I don’t need an apology (not that it would come), but it is just a new insult on top of an old one.

It makes me resentful when he literally says I must be wrong because:

    1. Both of them don’t remember.
    2. One of them doesn’t remember. Or, 
    3. Both remember, but act like they don’t.

My past has been check-mated by insecure septuagenarians. There is nothing I can do, is there?

– Manipulated S

Dear Manipulated: Here is something you can do: Understand – deep in your bones – that “closure” is not something another person can grant you.

In fact, the very concept of closure and the chasing of closure is something of a red herring. Closure is a distraction, keeping you from doing the work you need to do in terms of accepting reality: (“My father is a racist. But I can’t help him to change what he won’t admit.” “My father was a poor parent. Confronting him about this is useless, because he denies it.”)

Now that his memory is fading, the past will be mutable, and he will cling to his version just as you cling to yours.
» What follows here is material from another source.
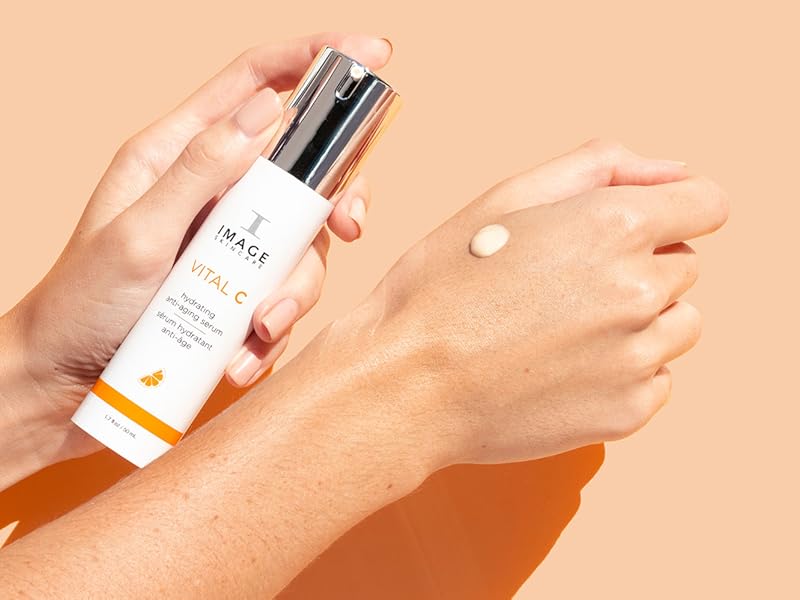 Vital C Image Skincare pumped on a hand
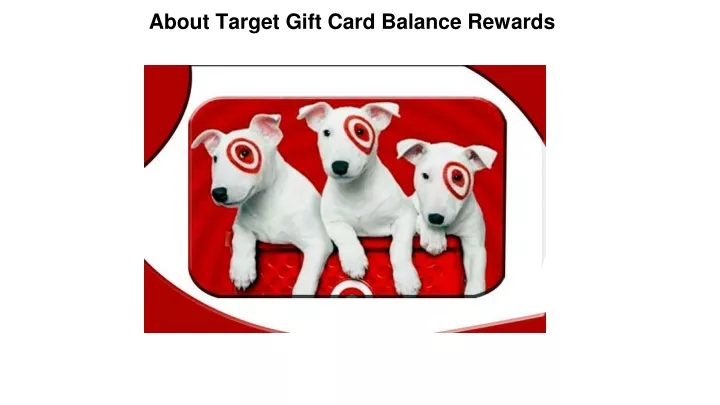 about target gift card balance rewards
If it helps you or feels good for you to continue to confront him with the truth that only you will admit to, then keep trying.
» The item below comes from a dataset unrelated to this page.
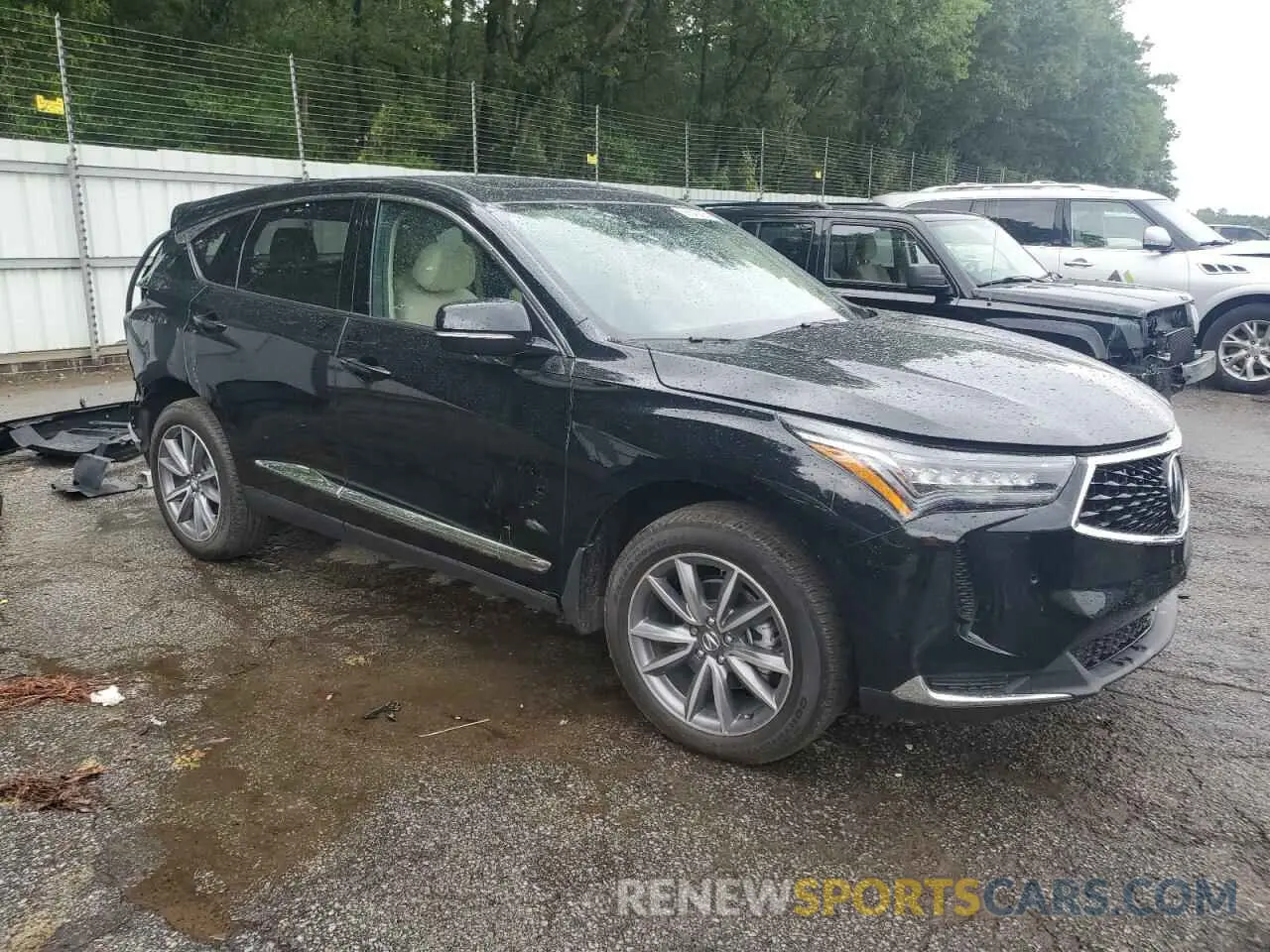 4 fotografías del automóvil dañado 5J8TC1H54PL009787 ACURA RDX 2023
Unfortunately, confronting him seems to lead to frustration and more distress for you, and so maybe it’s time to stop. (c) 

Wow! Got to dodge those insecure septuagenarians! 😮 HA HA! That’s hilarious. Like sinister centennarians or awful octogenarians.

I daresay that I don’t understand, first of all, why the letter writer hasn’t raised these issues prior to now?

Now I have no closure or recourse on events like his racist outburst of 2012 that led me to a very awkward Thanksgiving in a house full of people I did not know.

If that’s the worst thing he did to her, then she doesn’t have much of a case against him here; but, I’m not assuming that that was the worst. Obviously, racism isn’t good, but sexual abuse, physical abuse, or parental neglect, etc., etc., are worse than a racist outburst.

I sense that the racist outburst was one of his major sins, because she refers to it as the racist outburst of 2012, which is just as hilarious as the nonexistent nonagenarians thing. As such, she might want to be grateful that she wasn’t abused or harshly mistreated. While I’m sure it’s not great to grow up with a racist parent, I can’t help but wonder why the letter writer can’t make a better case against him than that. I’m not trying to make racism sound okay. But I’d rather bear witness to a racist rant than to experience child abuse.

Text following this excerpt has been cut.